Section 3. Special Meetings. A majority of the board of directors or the Executive Committee then serving may call a special meeting of the organization at any time.
Section 4. Quorum: For board of directors meetings a majority of the then serving members of the board shall constitute a quorum at any meeting. For Executive Committee meetings a majority of the then serving members of the Executive Committee shall constitute a quorum at any meeting.
Section 5. Notice of meetings: Written notice stating the place, date and time of any meeting of the Association shall be delivered to each member entitled to vote at such a meeting not less than 15 days before the date of such meeting. Notice shall be considered delivered when deposited in the U.S. Mail with proper postage or if by electronic means when replied “received” by the recipient.
Section 6. Proxies. Each member entitled to vote at a meeting of members may authorize another member entitled to vote at such meeting to act for him or her by proxy executed in writing and presented to the Secretary of the organization. Such a proxy shall be valid for only one (1) meeting and the date of the meeting must be stated in the proxy for the proxy to be valid.
o Code of ethics
Section 1. Respecting the privacy of members of the TMIC is a basic value of TMIC. Personal and financial information is confidential and should not be disclosed or discussed with anyone without permission or authorization from the member.
Section 2. Director must segregate from his/her own funds all monies being held for the TMIC.

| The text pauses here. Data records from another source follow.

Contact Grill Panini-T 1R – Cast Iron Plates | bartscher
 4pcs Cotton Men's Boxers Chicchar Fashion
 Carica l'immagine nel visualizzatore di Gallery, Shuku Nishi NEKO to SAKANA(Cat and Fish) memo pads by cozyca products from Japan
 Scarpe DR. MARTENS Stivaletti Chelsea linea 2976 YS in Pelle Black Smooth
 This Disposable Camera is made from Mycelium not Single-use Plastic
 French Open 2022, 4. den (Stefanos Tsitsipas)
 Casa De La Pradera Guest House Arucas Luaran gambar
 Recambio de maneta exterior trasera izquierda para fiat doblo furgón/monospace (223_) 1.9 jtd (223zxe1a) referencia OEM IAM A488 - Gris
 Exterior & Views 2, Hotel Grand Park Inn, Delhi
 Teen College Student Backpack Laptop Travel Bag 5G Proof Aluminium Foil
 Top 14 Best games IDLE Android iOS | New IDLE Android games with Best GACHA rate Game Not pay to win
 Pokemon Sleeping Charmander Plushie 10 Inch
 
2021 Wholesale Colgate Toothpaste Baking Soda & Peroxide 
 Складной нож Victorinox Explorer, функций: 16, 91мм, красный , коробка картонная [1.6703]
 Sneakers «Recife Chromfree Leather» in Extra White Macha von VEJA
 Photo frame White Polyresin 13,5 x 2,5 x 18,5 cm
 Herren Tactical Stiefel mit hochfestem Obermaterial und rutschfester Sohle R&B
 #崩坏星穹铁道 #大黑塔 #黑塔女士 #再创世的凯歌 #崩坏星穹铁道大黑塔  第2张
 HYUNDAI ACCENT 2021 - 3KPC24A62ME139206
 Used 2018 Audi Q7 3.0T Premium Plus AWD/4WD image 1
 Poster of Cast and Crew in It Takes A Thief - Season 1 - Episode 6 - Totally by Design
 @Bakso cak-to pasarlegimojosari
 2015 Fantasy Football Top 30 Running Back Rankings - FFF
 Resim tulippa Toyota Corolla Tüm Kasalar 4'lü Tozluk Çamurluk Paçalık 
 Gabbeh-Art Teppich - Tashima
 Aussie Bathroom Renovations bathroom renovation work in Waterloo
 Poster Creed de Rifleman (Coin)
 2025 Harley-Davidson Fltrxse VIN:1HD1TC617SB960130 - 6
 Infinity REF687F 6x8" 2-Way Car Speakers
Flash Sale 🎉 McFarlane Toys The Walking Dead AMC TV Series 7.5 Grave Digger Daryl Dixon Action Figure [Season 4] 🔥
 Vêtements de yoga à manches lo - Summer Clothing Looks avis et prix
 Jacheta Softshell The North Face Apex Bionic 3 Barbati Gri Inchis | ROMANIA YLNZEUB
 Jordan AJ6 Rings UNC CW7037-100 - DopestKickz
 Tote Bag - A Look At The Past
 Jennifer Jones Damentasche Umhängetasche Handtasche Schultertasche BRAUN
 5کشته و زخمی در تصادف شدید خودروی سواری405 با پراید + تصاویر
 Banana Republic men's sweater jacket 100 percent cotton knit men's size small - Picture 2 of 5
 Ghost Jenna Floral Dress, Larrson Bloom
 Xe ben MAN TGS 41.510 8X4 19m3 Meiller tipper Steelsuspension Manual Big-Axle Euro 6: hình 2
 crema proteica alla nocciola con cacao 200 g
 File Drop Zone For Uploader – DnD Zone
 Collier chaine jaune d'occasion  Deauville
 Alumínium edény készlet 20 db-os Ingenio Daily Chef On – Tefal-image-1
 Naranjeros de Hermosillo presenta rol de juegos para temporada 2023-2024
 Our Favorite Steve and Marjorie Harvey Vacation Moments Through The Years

Section 3. No member shall have any proprietary interest whatever in or to any of the assets of the TMIC and no income or proprietary gains, benefit or advantage of any kind, in any way arising from or growing out of the assets of the TMIC shall inure to or in any way go to or vest in any member of the TMIC. All property of the TMIC is irrevocably dedicated charitable, educational and public welfare purposes for which the TMIC is founded, and upon liquidation, dissolution or abandonment of this organization, no part of its property shall inure to the benefit of or be distributed to any private person, except a foundation, association or corporation organized and operated for charitable purposes as determined by the Board of Directors.